Geçtiğimiz hafta Abant Platformu'nun 32. oturumunu, Etiyopya'nın
başkenti Addis Ababa'daki Afrika Birliği Genel Merkezi'nde
gerçekleştiren Gazeteci ve Yazarlar Vakfı’ndan (GYV) Başkan
Yardımcısı Hüseyin Hurmalı ise söz aldığı panelde, vakfın onursal
başkanı Fethullah Gülen Hocaefendi’nin İslam Aleminin üç düşmanı
olan cehalet, fakirlik ve tefrikaya karşı mücadele yöntemlerinden
bahsetti.
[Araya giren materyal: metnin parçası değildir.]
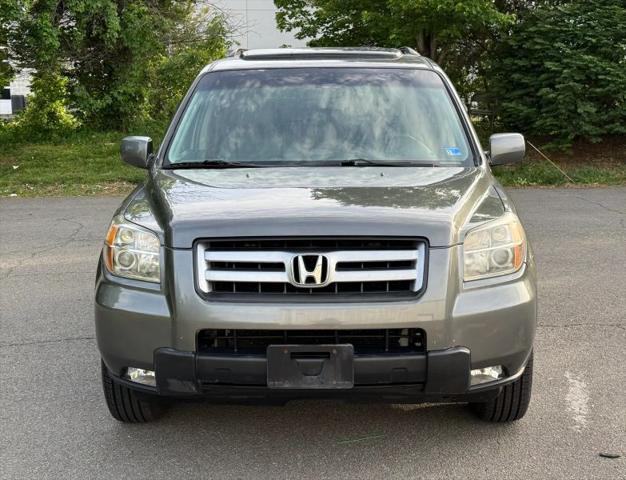 2007 Honda Pilot EX-L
Gülen’in barış içindeki birlikte yaşamın bu problemlere
tek çözüm olduğunu savunduğunu anlatan Hurmalı, GYV’nin kurduğu
çeşitli platformlarla barışı inşa etme adına insan hakları, inanç
özgürlüğü ve ifade özgürlüğü gibi konularda çalıştıklarını
anlattı.
DR. SALAMA: DİNİN YAŞANDIĞI YERDE HOŞGÖRÜSÜZLÜK OLAMAZ
Panel de söz alan İnsan Hakları Yüksek Komiserliği’nde uzun yıllar
çalışan Dr. İbrahim Salama ise dinin yaşandığı yerde hoşgörünün
olmamasının bir çelişki olduğunu vurguladı. İfade özgürlüklerinin
dini literatürdeki yeri konusunda önemli tespitlerde bulunan
Salama, "Din, insan haklarına engel değildir hatta bir çok soruna
çözüm teşkil eder. İslam tarihi incelendiği takdirde insan hakları
konusunda birçok soruna çözüm bulunacağına inanıyorum. Ama inanç
özgürlüğü ve ifade özgürlüğü gibi kavramlar tam tanımlanmadığı için
kafa karışıklığına yol açıyor." şeklinde konuştu. Fikir
telakkisinde bulunmanın ve mütalaalarda bulunmanın Peygamber adabı
olduğunu ifade eden Salama, "Peygamber Efendimiz’in hayatı baskıcı
otoritelerle mücadele etmekle geçti ve bunu yaparken arkadaşlarıyla
her zaman fikir telakkisinde bulunuyordu." dedi. Salama ayrıca,
"Dinî radikallik ne kadar tehlikeliyse ifade özgürlüğü radikalliği
de o kadar tehlikelidir." şeklinde konuştu.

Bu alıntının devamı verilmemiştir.